**Exercise objective:** Reproduce the entries that follow precisely, setting aside any images.

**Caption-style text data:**
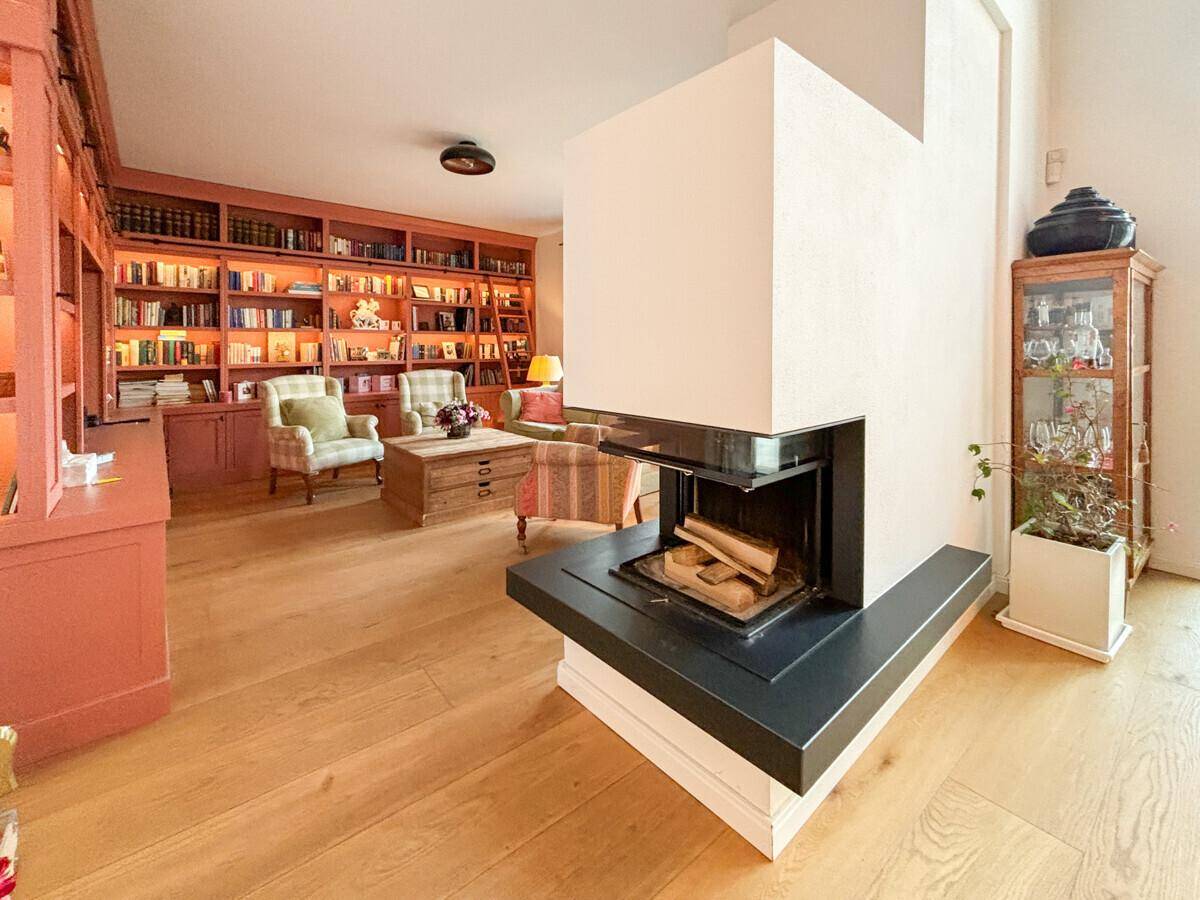 Modern gestalteter Kamin im Wohnzimmer, umgeben von hellem Eichenparkett, schafft eine stilvolle Wärme.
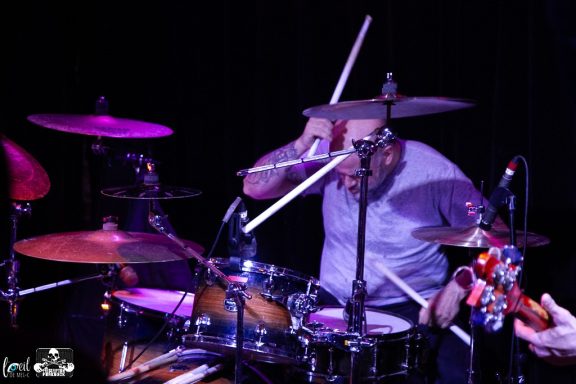 A drummer energetically playing with drumsticks against a dark background.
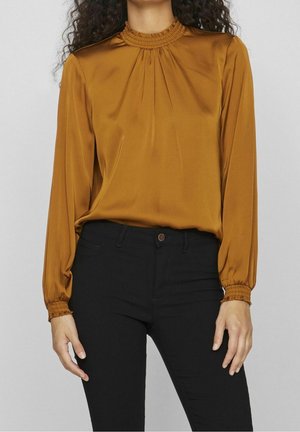 Femme portant un chemisier en satin moutarde à col haut froncé et poignets, associé à un pantalon noir ajusté sur fond uni.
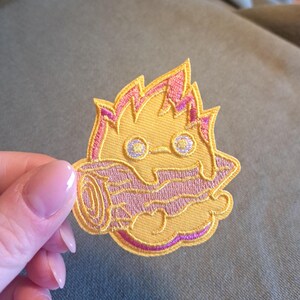 Könnte beinhalten: Gestickter Aufnäher mit einer cartoonartigen, flammenartigen Kreatur in Gelb und Rosa. Das Design umfasst ein stilisiertes Gesicht mit zwei runden Augen und einem Mund, der eine baumstammartige Form hält. Der Aufnäher hat ein detailliertes, gesticktes Aussehen.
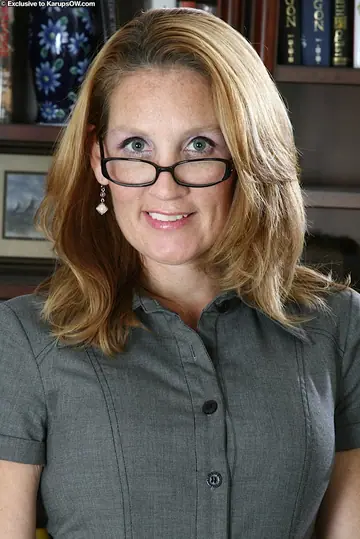 Mature Secretary Strips Out of Her Lingerie in the Office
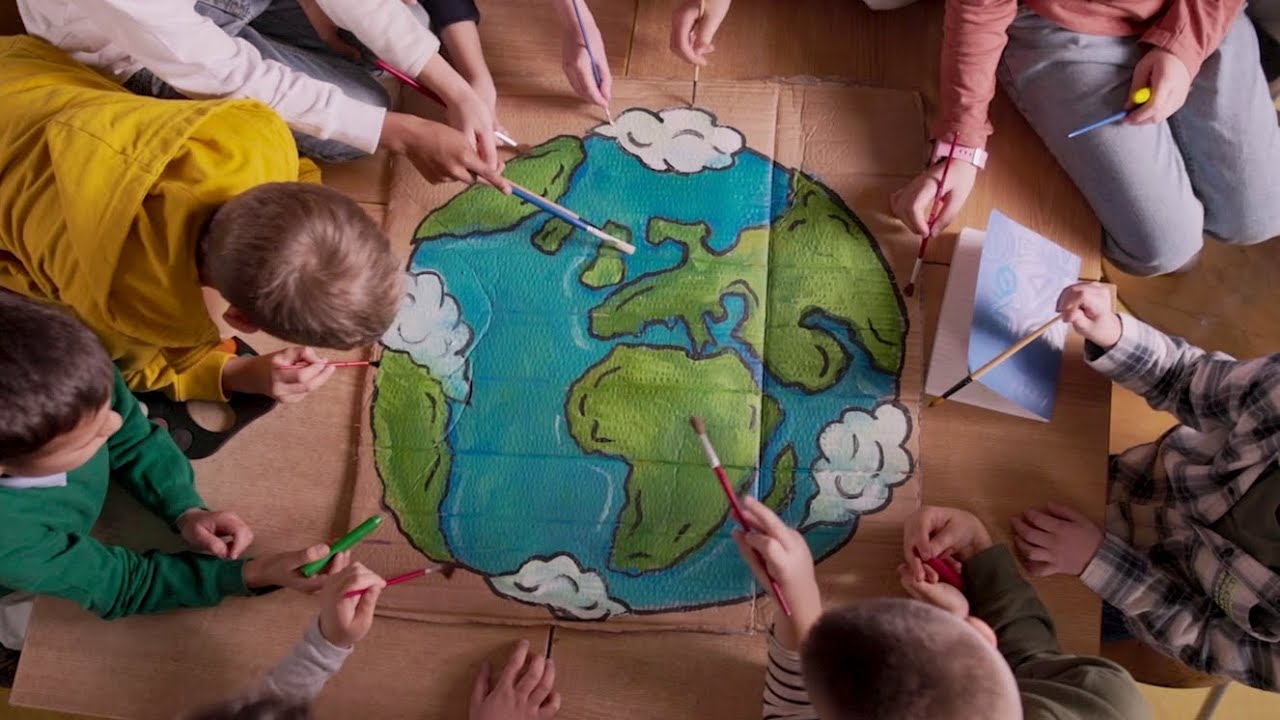 A group of children gathered around a table, collaboratively painting an illustration of the Earth on a large piece of cardboard. The image captures a top-down view, emphasizing creativity, teamwork, and environmental themes.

**Completed task:**
 Modern gestalteter Kamin im Wohnzimmer, umgeben von hellem Eichenparkett, schafft eine stilvolle Wärme.
 A drummer energetically playing with drumsticks against a dark background.
 Femme portant un chemisier en satin moutarde à col haut froncé et poignets, associé à un pantalon noir ajusté sur fond uni.
 Könnte beinhalten: Gestickter Aufnäher mit einer cartoonartigen, flammenartigen Kreatur in Gelb und Rosa. Das Design umfasst ein stilisiertes Gesicht mit zwei runden Augen und einem Mund, der eine baumstammartige Form hält. Der Aufnäher hat ein detailliertes, gesticktes Aussehen.
 Mature Secretary Strips Out of Her Lingerie in the Office
 A group of children gathered around a table, collaboratively painting an illustration of the Earth on a large piece of cardboard. The image captures a top-down view, emphasizing creativity, teamwork, and environmental themes.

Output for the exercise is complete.